:: Problem to solve ::
Look below for the line containing "Scarabée psychédélique &"; from there, print each line exactly up to and including the line containing "Elegant Scarf Neck Coat", and stop.

:: Information given ::
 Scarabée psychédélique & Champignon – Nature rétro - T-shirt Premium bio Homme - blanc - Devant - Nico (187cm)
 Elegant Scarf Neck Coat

--

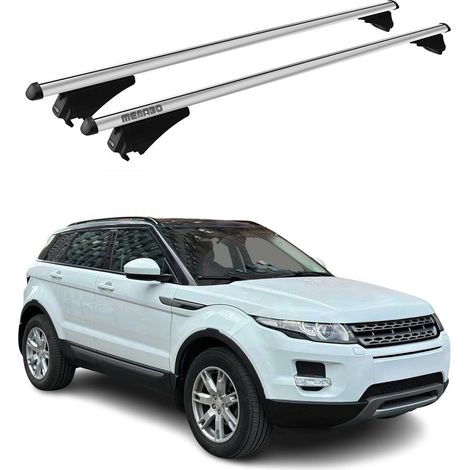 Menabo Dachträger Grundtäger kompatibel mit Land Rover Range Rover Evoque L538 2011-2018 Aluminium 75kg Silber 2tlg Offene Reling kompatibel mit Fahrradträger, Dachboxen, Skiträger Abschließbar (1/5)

...

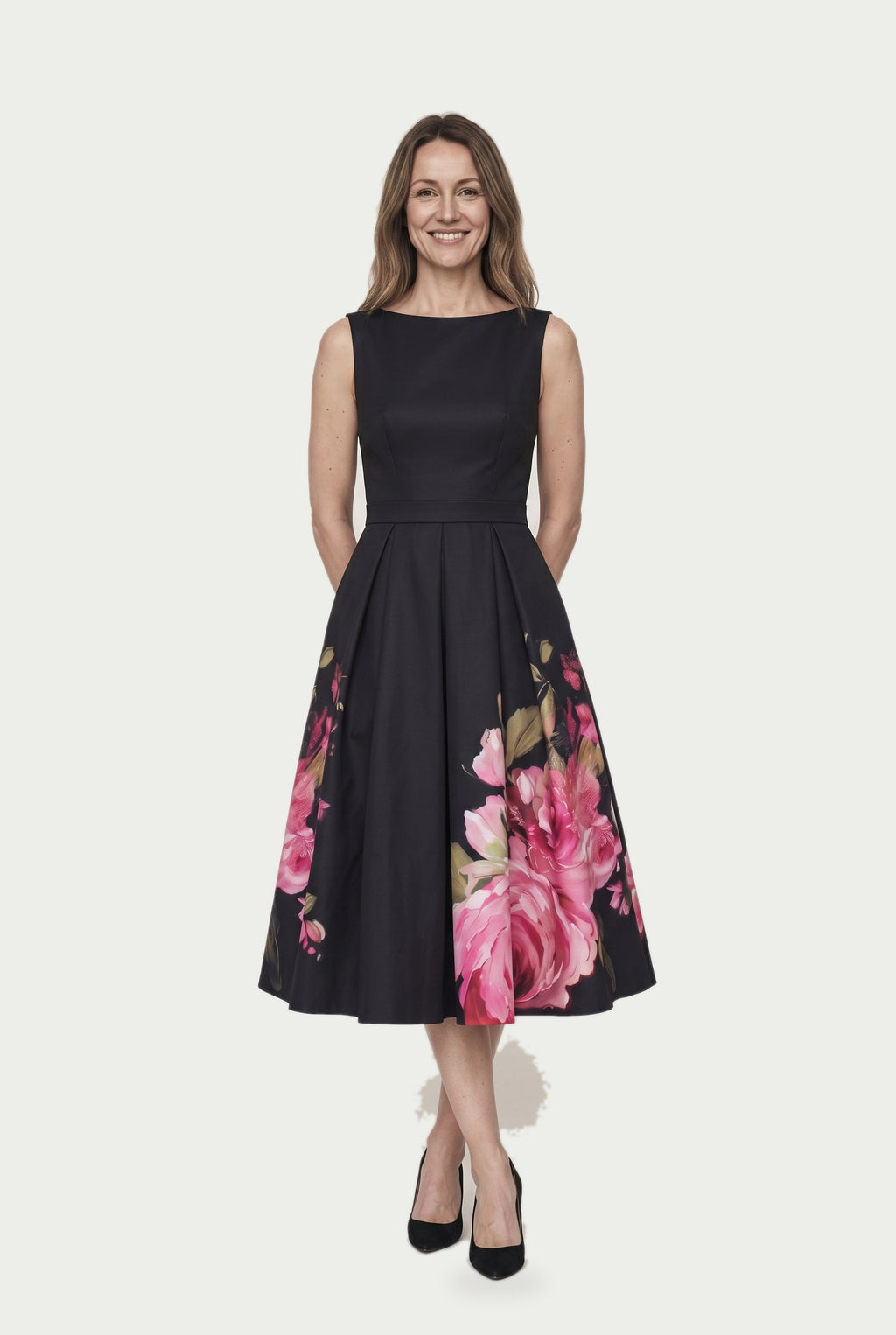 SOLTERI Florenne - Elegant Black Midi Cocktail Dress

:: Exercise answer ::
 Scarabée psychédélique & Champignon – Nature rétro - T-shirt Premium bio Homme - blanc - Devant - Nico (187cm)
 Elegant Scarf Neck Coat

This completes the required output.